Saturday, February 27, 2016

Batman and Robin Eternal #8 (HERE BE SPOILERS!)

Let's just jump right into it here, because we have a lot to cover.

Mother tells Dick that Bruce approached her to build a better Robin, and this revelation fits with the story that Snyder and Tynion have been telling so far.  (Of course, it doesn't mean that it's true.)  After all, we've seen that younger Dick's greatest fear -- the one that Scarecrow's gas revealed -- was that he wasn't good enough to be Robin.  But, Mother's taunting of Dick reveals something else, another theme of this series:  she believes that Cass and Harper will lose to her ballerinas, because she can't conceive that they'd be good enough to defeat them.  It implies -- slyly -- that Dick's nurturing may be better than Bruce's (and Mother's) militaristic way:  where both Bruce and Mother only saw failures, Dick saw strength.

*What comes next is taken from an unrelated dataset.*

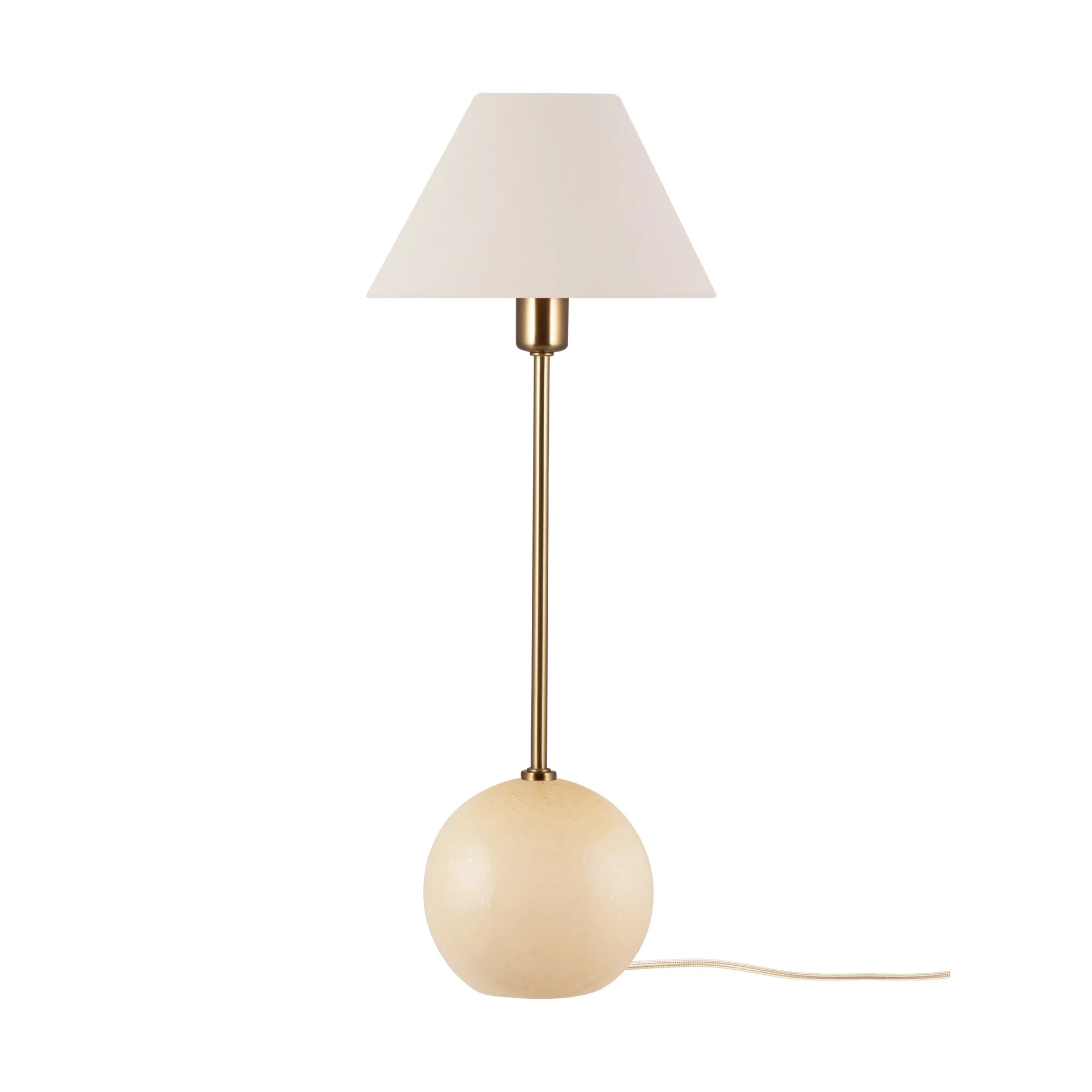 Lampe de table Iris 20, Crème Globen Lighting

To underline that point, of Mother seeing only weakness, Mother claims that Dick was hobbled by the loss of his parents rather than driven by it, like Bruce was.  But, again, we're left to ask if caring about people really is a weakness?  Underscoring her point, Dick leaves Mother, as she offers to show him which Robin she created for Bruce, to go help Cass and Harper.  It's something Bruce probably wouldn't have done, but increasingly Snyder and Tynion are telling us that it doesn't matter what Bruce would've done.  After all, Bruce's all-consuming focus on the mission -- the same type of focus that Mother has -- resulted in his current state, as an assistant at a day-care center.  Despite feeling rattled, Dick stays true to himself here.  He sacrifices getting an easy answer to help Cass and Harper and, when Cass bolts after she has an unexpected flashback, he tells Harper that they have to stick together.  Snyder and Tynion are reminding us that Dick is confident that they'll get where they need to be despite temporary setbacks.

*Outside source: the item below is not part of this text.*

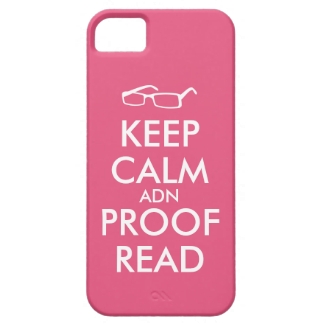 Gift for Writers Keep Calm and Proofread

(I will say here that Snyder and Tynion are somewhat oversimplifying Bruce's approach to his sidekicks.  Yes, Bruce would've likely left the girls to fend for themselves to go after Mother, but he would've done so because he was confident in their ability to handle the situation on their own.  In fact, he wouldn't have brought them with him if he didn't have that confidence in them.  I get where Snyder and Tynion are going with showing Bruce as less caring than Dick, drawing a contrast between their styles.  But, they need to be careful not to oversell it, turning Bruce into little more than the heartless leader of a squad of teenage mercenaries.)

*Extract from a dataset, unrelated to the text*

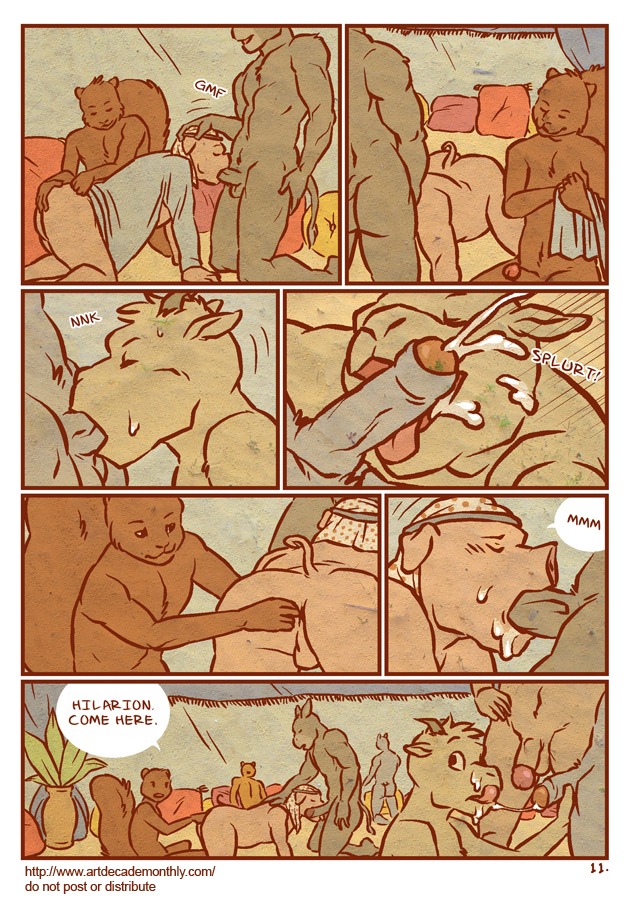 anal anal_fingering anthro anus artdecade asinus backsack balls bear bodily_fluids bovid butt canid canine caprine comic cum cumshot dialogue digital_media_(artwork) do_not_distribute domestic_pig donkey e621 ejaculation english_text equid equine erection fellatio fingered_while_fellating fingering foreskin genital_fluids genitals glans goat greek group group_sex harem humanoid_genitalia humanoid_penis licking male male/male male_penetrated male_penetrating male_penetrating_male mammal multiple_scenes muscular nude oral oral_penetration orgasm orgy penetration penile penis penis_lick retracted_foreskin rodent sciurid sex sex_slave slave slightly_chubby suid suine sus_(pig) tail text threesome tongue tongue_out tree_squirrel trio url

One interesting twist here is that it does seem like Bruce initially met Mother backstage at the ballet in Prague, when he was theoretically looking for a wife.  It's possible that Batman met her earlier, but increasingly it seems like the meeting in this issue really was their first one.  As such, it seems more likely that Bruce created Cass in issue #1 than he did Orphan.  But, we'll see how that develops.